The residents of the Shadow Run housing tract in L.A. County say the Orange County side is an unsightly collection of abandoned cars and loud barnyard animals. One house--says neighborhood leader Jim McMahon--has a collection of old paint cans that line the front porch.
But those on the Orange County side say the fence should be torn down because it is an eyesore and because the 1,000-foot-long wooden barricade blocks their access to Denni Street, a public road. Residents say they are forced to use a narrow paved easement that runs across the front of their properties.
"This is my property," said Curtis Hare, an Orange County resident who organized a homeowners group after he moved to the area two years ago. "Therefore (the easement) ain't a street."
Denni Street residents agreed to have the temporary asphalt road built almost two decades ago to allow traffic for a development project north of their neighborhood.

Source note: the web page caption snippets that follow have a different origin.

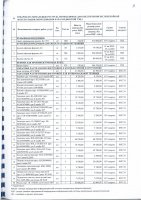 ПЕРЕЧЕНЬ ЗАКУПАЕМЫХ В 2023 г. ТОВАРОВ, РАБОТ И УСЛУГ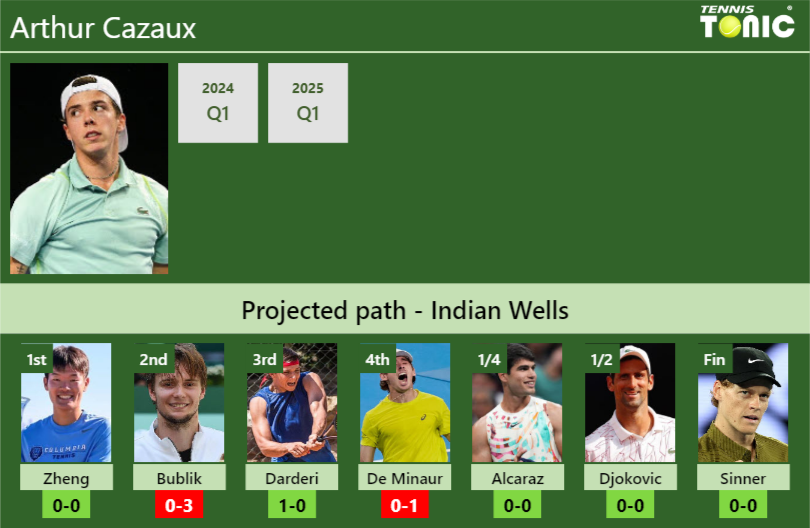 Arthur Cazaux Stats info
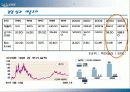아마존닷컴 25페이지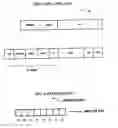 Fig. 03 - Method and apparatus for transmitting/receiving uncompressed data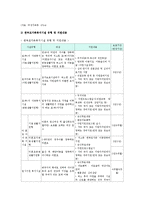 한부모가족의 현황, 한부모가족 지원정책의 발전과제-9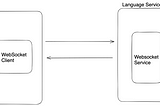[Part 2] Connect Monaco React Web Editor with Language Server using WebSocket… How hard can it be?
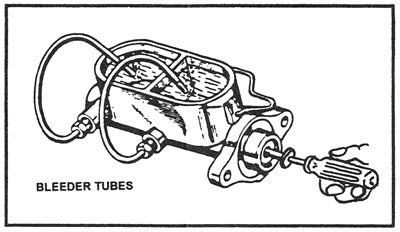 How To Bench Bleed a Master Cylinder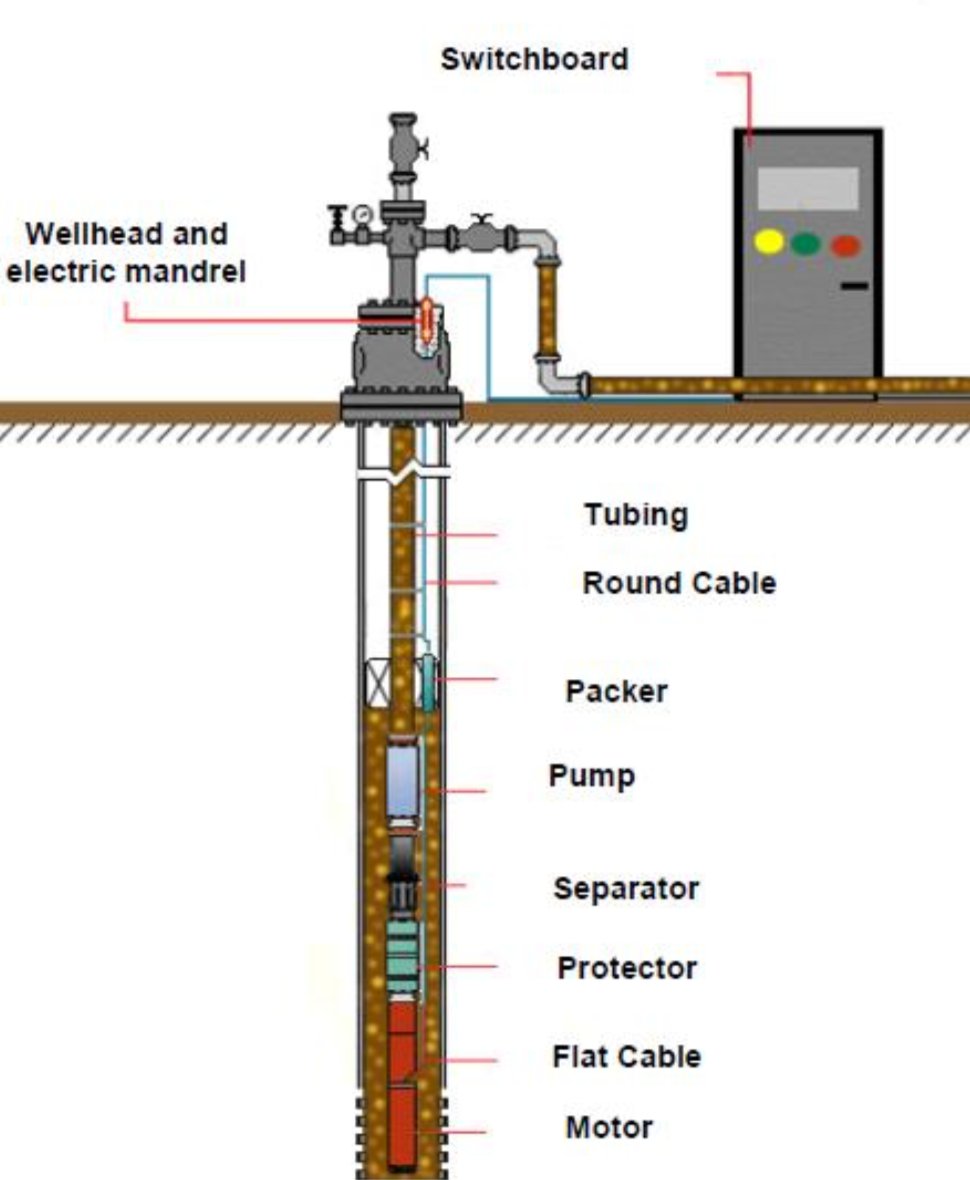 Electric Submersible Pump (ESP) - GLOSSARY - Nafta Wiki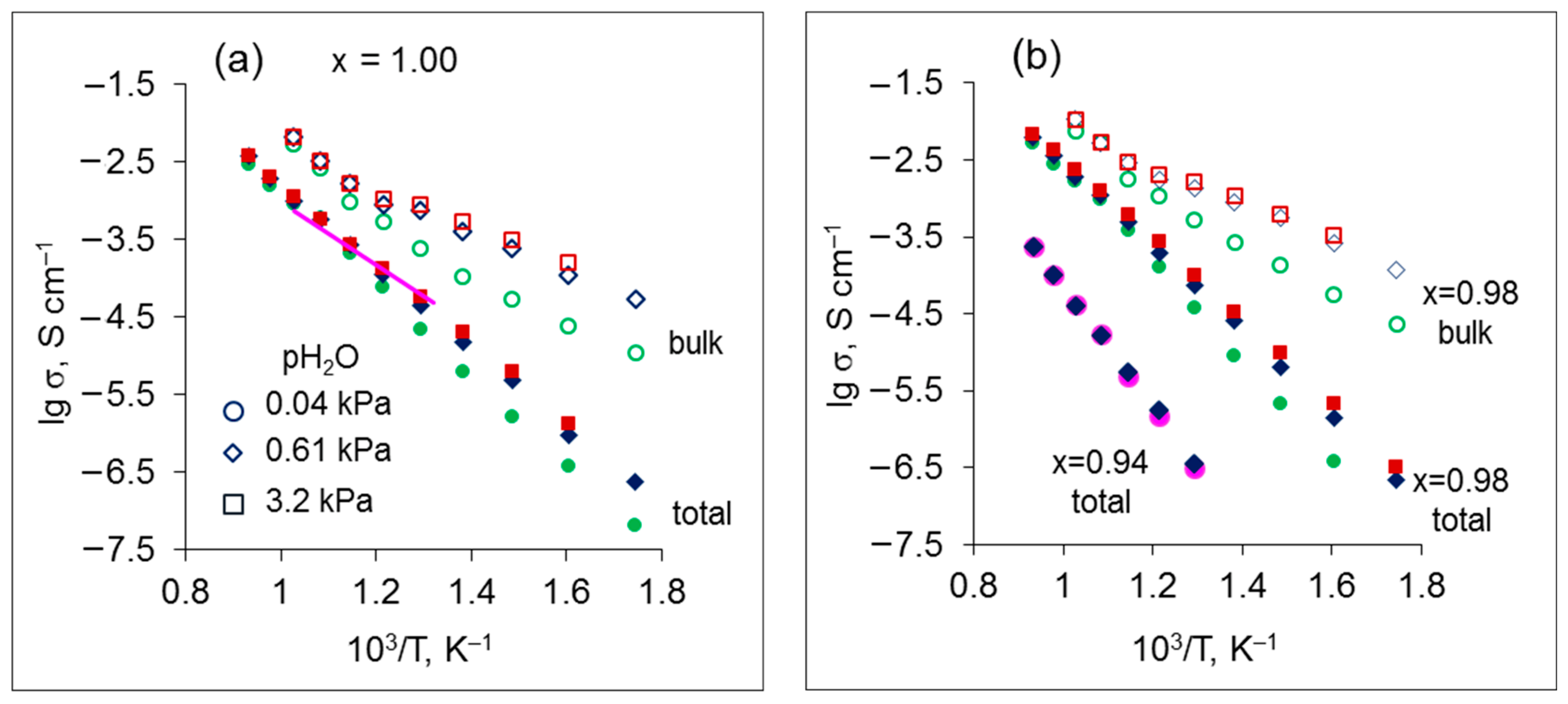 Materials 15 04126 g005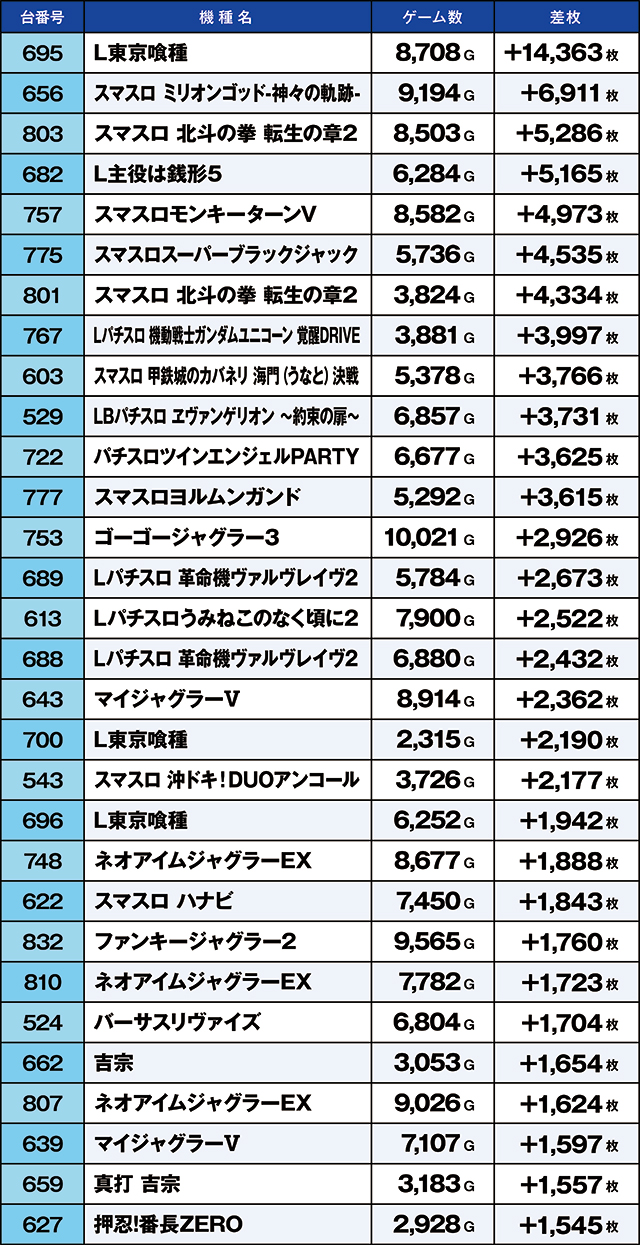 https://cdn.p-town.dmm.com/editor/ライティングZERO/kaido_adventure/kekka/2026/04tsuki/0425_iwaki/top.jpg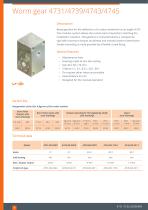 Worm Gears-4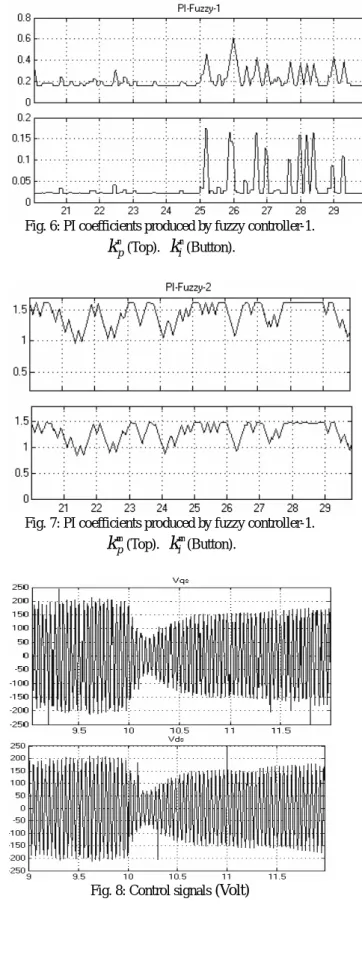 Fig. 5: Flux of motor (top), Reference Flux, (button) in  presents of noise and disturbance 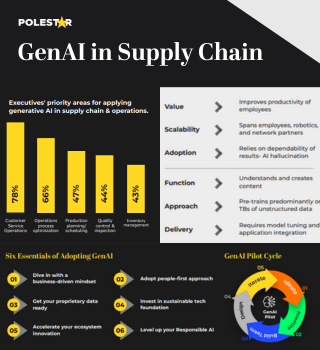 GenAI in Supply Chain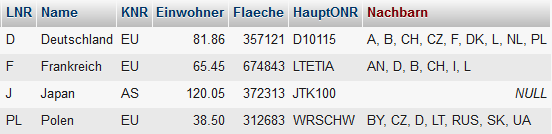 Nicht erlaubte Abbildung des Nachbarlandes als Liste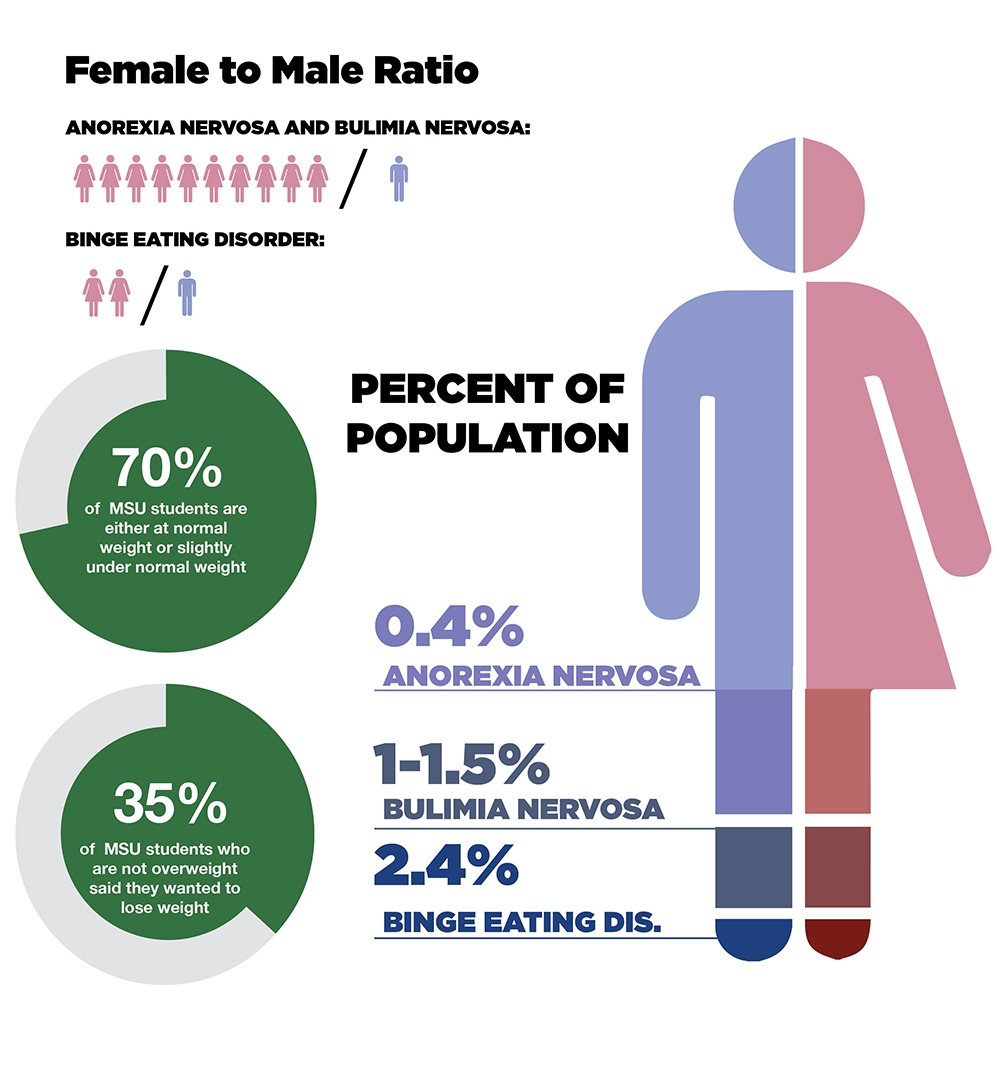 Eating Disorders Program (anorexia)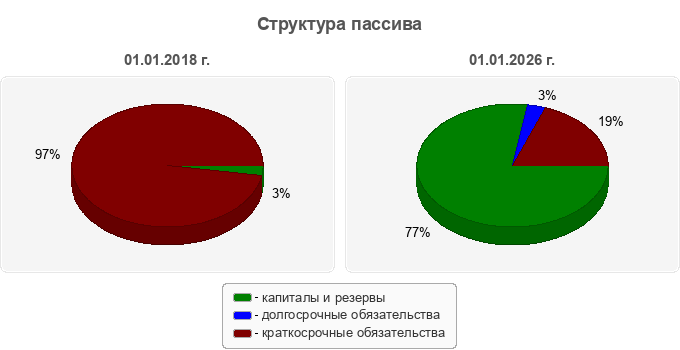 Структура пассива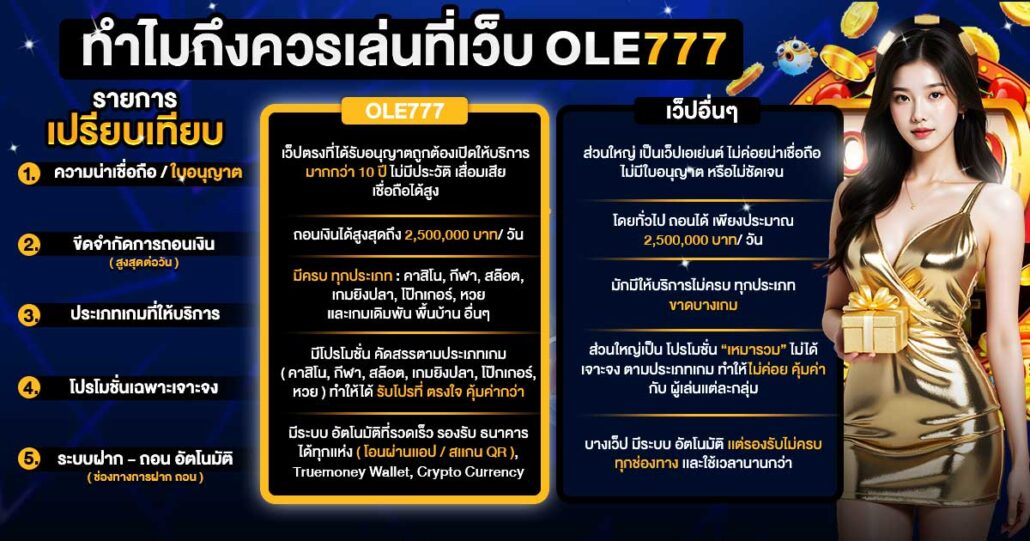 เว็บสล็อตถอนได้ ole777
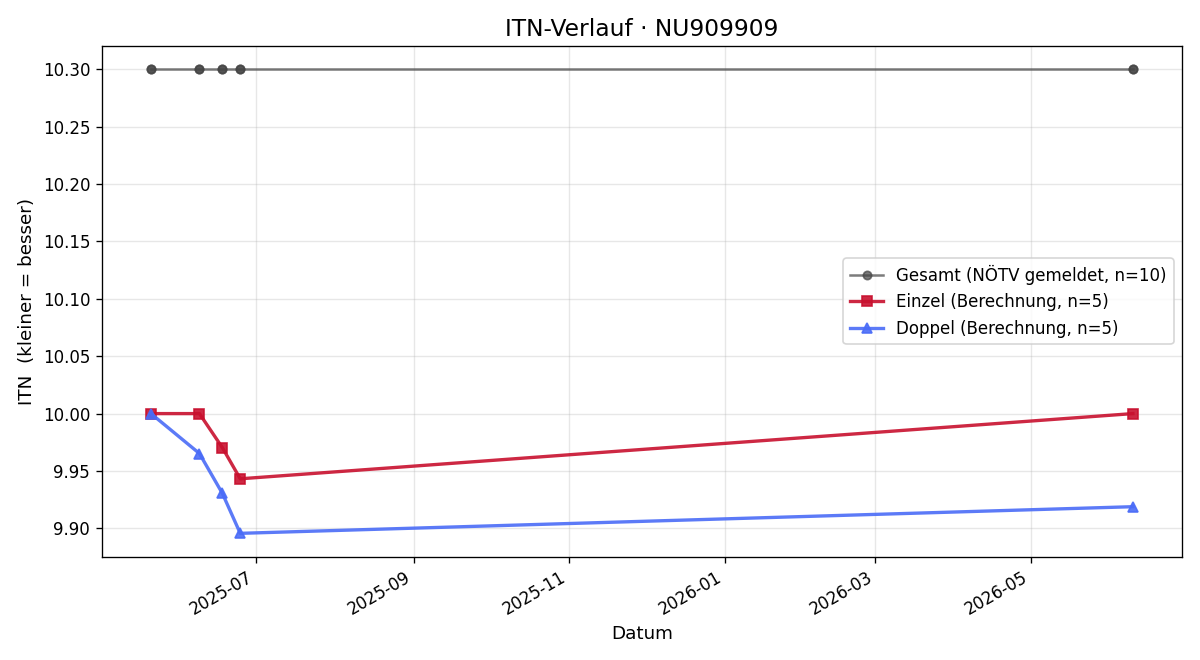 ITN-Verlauf Luis Wieser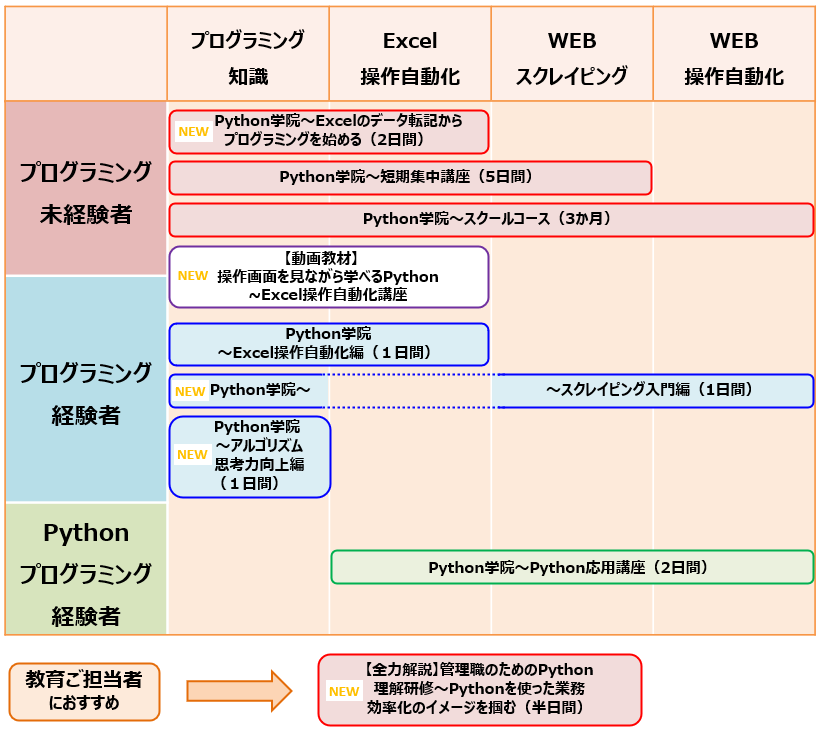 研修コースマップ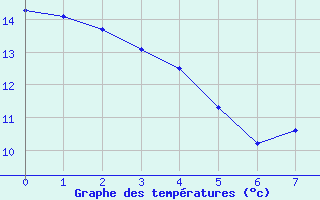 Courbe de tempratures pour Frontenay (79)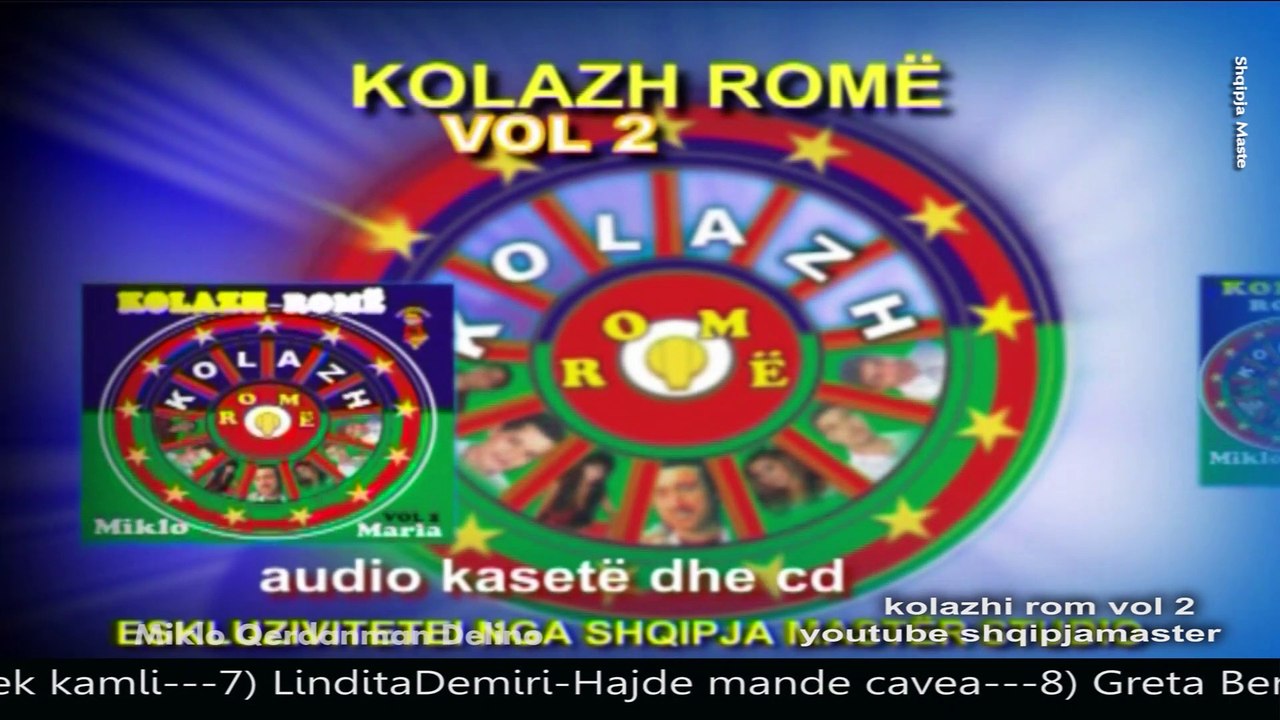 Miklo Qerdanman Delino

The fence--which the Orange County residents call The Great Wall of China--was built by the developers of Shadow Run in the mid-'70s when they build 63 stucco-faced homes on what was once a cow pasture. The slat fence, built just inches from the property lines of houses that face Denni Street, is now beginning to fall apart, fueling the disagreement on both sides. Shadow Run residents want a new concrete barrier built, while Denni Street residents hope the fence will come down once and for all.
Even though the fence is owned by the city of Cerritos, Orange County residents are blamed for not trimming the shrubbery or sweeping along it, Hare said.
Because it hides the homes on the Orange County side, the fence also prevents people and even emergency vehicles from finding them quickly, Hare said, citing the case of an ambulance driver who couldn't find the home of a stroke victim on Denni Street until neighbors flagged him down.
The fence also creates blind spots for motorists at both ends.
"We have had some major accidents," said McMahon, president of the Shadow Run Homeowners Assn. "Probably a couple dozen accidents per year," occur there, he said.
Hare said that because the street is essentially two roads together, a car trying to turn off the easement can easily collide with a vehicle turning off Denni Street.
But Shadow Run residents, while wanting street improvements, are opposed to having the fence eliminated.
"We would not buy that," McMahon said, as long as Orange County looks the way it does. The unincorporated 9.5-acre county "island" essentially Denni Street and Marion Street, is governed only by Orange County regulations, which have little control over the appearance of residences, he said.
McMahon says the fence is necessary to protect Shadow Run property values. Homes on the Cerritos side sell for about $250,000. Hare said he paid $60,000 for his small one-story home on a quarter of an acre two years ago.
Shadow Run residents cite other problems caused by their proximity to Orange County. The Cerritos development--which has five-digit street numbers like those in Orange County--frequently confuses emergency dispatchers who think the neighborhood is actually in Orange County.
"You have to call one fire department, then another, and another," McMahon said.
The numbering mix-up occurred before the new housing tract was developed. At that time, McMahon said, Orange County had agreed to handle public services for the tract. But that agreement apparently collapsed, and now the area is serviced by Los Angeles County.
McMahon said streets around the tract are plagued by crime and that drug trafficking, all-night parties and drag racing are common.
Hare agreed that some of those problems do occur in the area, but added that he has never seen any drug trafficking on his street.
Several other problems affect the area, McMahon says, such as litter along nearby railroad tracks and a railroad crossing without barriers.
But the Denni Street wall is a top priority, McMahon said. When he polled Shadow Run's 63 households, 98% said they wanted the fence replaced and 86% said they favored having Cerritos trap some of the wild animals to control them.